Start with the line containing "this 300×470 image." and write out each line through the end of the listing, exactly as given.

** Opening Material provided block **

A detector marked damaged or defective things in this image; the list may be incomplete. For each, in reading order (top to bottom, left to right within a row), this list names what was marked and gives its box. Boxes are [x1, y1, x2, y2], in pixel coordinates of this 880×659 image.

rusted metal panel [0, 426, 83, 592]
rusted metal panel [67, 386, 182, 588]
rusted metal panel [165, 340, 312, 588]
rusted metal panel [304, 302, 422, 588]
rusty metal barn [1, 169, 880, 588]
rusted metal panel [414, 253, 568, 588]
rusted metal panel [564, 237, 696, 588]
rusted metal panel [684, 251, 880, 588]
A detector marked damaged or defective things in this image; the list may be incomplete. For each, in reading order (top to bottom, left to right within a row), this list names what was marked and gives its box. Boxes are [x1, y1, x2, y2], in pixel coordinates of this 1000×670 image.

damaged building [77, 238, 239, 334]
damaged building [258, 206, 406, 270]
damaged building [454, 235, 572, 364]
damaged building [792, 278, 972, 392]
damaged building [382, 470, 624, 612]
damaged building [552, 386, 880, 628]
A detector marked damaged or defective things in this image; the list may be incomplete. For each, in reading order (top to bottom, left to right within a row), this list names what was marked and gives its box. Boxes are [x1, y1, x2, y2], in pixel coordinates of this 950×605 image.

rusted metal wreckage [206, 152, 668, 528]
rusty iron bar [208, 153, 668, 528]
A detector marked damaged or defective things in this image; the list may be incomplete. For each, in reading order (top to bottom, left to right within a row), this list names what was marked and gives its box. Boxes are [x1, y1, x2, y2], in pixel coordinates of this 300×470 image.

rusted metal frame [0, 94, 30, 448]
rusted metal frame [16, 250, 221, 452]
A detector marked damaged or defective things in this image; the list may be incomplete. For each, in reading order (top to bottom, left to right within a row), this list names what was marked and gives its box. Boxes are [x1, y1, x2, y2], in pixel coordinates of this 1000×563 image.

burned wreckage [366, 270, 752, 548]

** Closing Material provided block **

Task response →
A detector marked damaged or defective things in this image; the list may be incomplete. For each, in reading order (top to bottom, left to right within a row), this list names what was marked and gives its box. Boxes are [x1, y1, x2, y2], in pixel coordinates of this 300×470 image.

rusted metal frame [0, 94, 30, 448]
rusted metal frame [16, 250, 221, 452]
A detector marked damaged or defective things in this image; the list may be incomplete. For each, in reading order (top to bottom, left to right within a row), this list names what was marked and gives its box. Boxes are [x1, y1, x2, y2], in pixel coordinates of this 1000×563 image.

burned wreckage [366, 270, 752, 548]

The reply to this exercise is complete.